**What is expected:** Please reproduce all of the data below exactly, leaving each picture out.

**Material for this exercise:**
┄┄┄┄┄┄┄┄┄┄┄┄┄┄┄┄┄┄┄┄

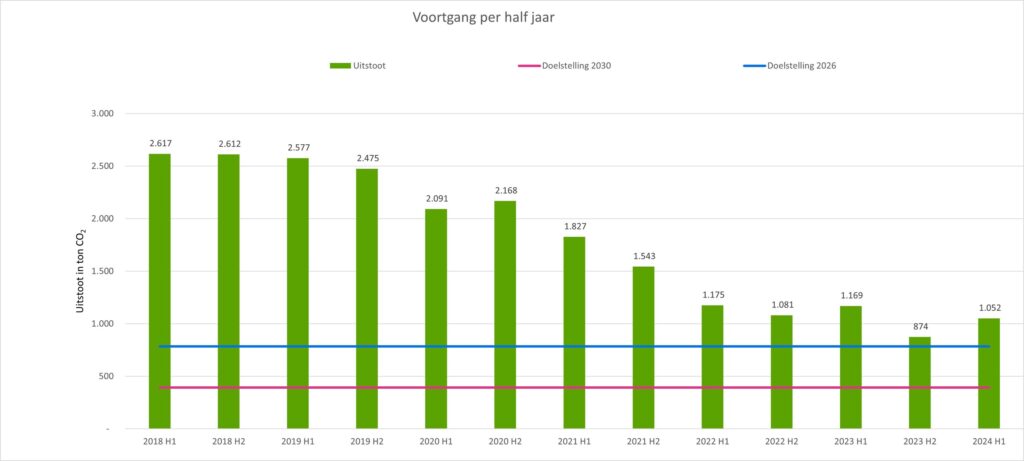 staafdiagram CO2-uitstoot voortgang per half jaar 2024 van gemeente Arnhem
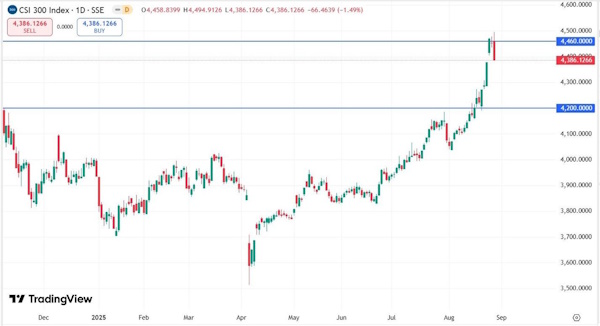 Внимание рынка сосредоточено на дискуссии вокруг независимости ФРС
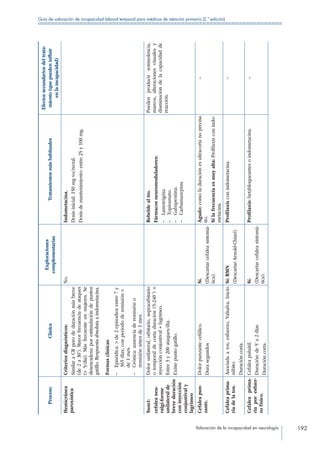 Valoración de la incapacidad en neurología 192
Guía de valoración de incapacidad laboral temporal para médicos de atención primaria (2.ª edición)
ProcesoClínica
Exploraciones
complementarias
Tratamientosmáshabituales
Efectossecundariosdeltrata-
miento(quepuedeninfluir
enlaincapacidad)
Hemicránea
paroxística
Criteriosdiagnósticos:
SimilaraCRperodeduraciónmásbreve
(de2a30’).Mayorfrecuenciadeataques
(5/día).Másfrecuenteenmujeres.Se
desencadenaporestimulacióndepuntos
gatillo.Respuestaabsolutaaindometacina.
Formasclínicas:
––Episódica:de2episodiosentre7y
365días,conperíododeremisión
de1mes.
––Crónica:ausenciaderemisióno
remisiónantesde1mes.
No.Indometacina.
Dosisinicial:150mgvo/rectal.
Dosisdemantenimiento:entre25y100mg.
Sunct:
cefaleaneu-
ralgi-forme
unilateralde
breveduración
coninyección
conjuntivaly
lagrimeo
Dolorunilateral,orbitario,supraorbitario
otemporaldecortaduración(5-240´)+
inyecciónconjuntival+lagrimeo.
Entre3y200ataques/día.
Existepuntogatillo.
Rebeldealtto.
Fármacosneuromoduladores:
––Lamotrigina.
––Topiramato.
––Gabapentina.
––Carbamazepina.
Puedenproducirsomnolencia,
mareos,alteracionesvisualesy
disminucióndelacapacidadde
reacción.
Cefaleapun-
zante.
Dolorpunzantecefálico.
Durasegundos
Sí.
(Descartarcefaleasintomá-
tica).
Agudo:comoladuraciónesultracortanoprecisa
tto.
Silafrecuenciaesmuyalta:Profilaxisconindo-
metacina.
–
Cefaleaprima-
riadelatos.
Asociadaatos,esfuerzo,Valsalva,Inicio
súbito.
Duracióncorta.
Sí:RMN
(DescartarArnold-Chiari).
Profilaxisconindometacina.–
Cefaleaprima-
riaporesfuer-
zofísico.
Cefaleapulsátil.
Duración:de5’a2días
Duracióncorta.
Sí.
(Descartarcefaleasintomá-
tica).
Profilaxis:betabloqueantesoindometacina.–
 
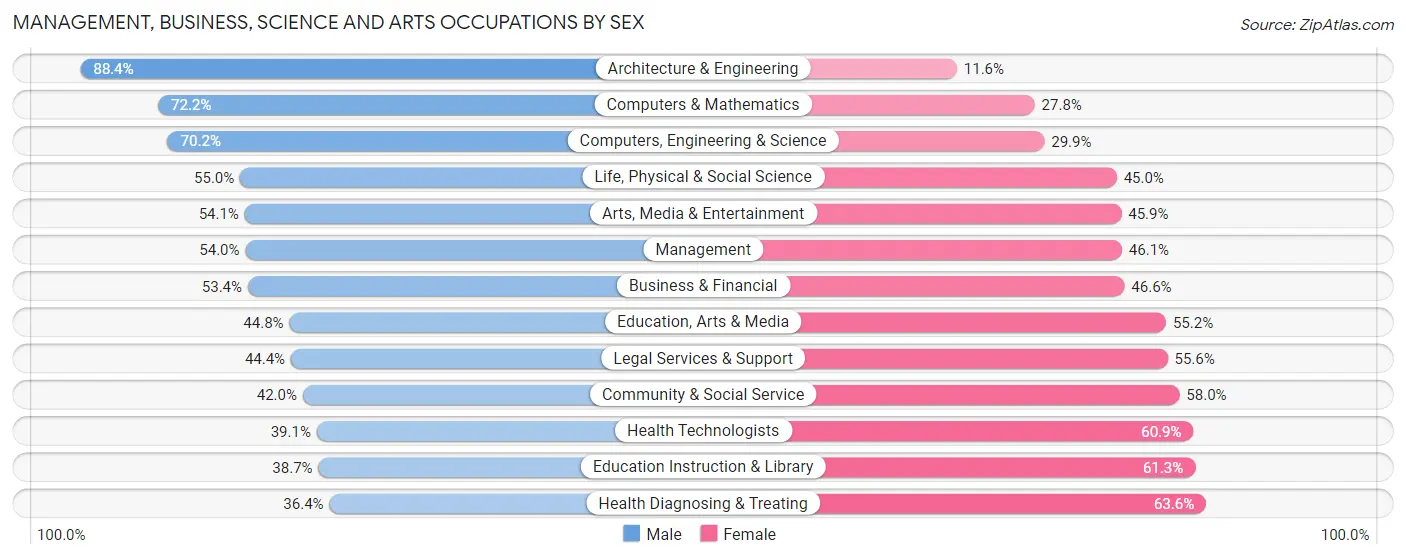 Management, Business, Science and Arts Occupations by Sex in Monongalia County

┄┄┄┄┄┄┄┄┄┄┄┄┄┄┄┄┄┄┄┄

**Response box:**
 staafdiagram CO2-uitstoot voortgang per half jaar 2024 van gemeente Arnhem
 Внимание рынка сосредоточено на дискуссии вокруг независимости ФРС
 Valoración de la incapacidad en neurología 192
Guía de valoración de incapacidad laboral temporal para médicos de atención primaria (2.ª edición)
ProcesoClínica
Exploraciones
complementarias
Tratamientosmáshabituales
Efectossecundariosdeltrata-
miento(quepuedeninfluir
enlaincapacidad)
Hemicránea
paroxística
Criteriosdiagnósticos:
SimilaraCRperodeduraciónmásbreve
(de2a30’).Mayorfrecuenciadeataques
(5/día).Másfrecuenteenmujeres.Se
desencadenaporestimulacióndepuntos
gatillo.Respuestaabsolutaaindometacina.
Formasclínicas:
––Episódica:de2episodiosentre7y
365días,conperíododeremisión
de1mes.
––Crónica:ausenciaderemisióno
remisiónantesde1mes.
No.Indometacina.
Dosisinicial:150mgvo/rectal.
Dosisdemantenimiento:entre25y100mg.
Sunct:
cefaleaneu-
ralgi-forme
unilateralde
breveduración
coninyección
conjuntivaly
lagrimeo
Dolorunilateral,orbitario,supraorbitario
otemporaldecortaduración(5-240´)+
inyecciónconjuntival+lagrimeo.
Entre3y200ataques/día.
Existepuntogatillo.
Rebeldealtto.
Fármacosneuromoduladores:
––Lamotrigina.
––Topiramato.
––Gabapentina.
––Carbamazepina.
Puedenproducirsomnolencia,
mareos,alteracionesvisualesy
disminucióndelacapacidadde
reacción.
Cefaleapun-
zante.
Dolorpunzantecefálico.
Durasegundos
Sí.
(Descartarcefaleasintomá-
tica).
Agudo:comoladuraciónesultracortanoprecisa
tto.
Silafrecuenciaesmuyalta:Profilaxisconindo-
metacina.
–
Cefaleaprima-
riadelatos.
Asociadaatos,esfuerzo,Valsalva,Inicio
súbito.
Duracióncorta.
Sí:RMN
(DescartarArnold-Chiari).
Profilaxisconindometacina.–
Cefaleaprima-
riaporesfuer-
zofísico.
Cefaleapulsátil.
Duración:de5’a2días
Duracióncorta.
Sí.
(Descartarcefaleasintomá-
tica).
Profilaxis:betabloqueantesoindometacina.–
 
 Management, Business, Science and Arts Occupations by Sex in Monongalia County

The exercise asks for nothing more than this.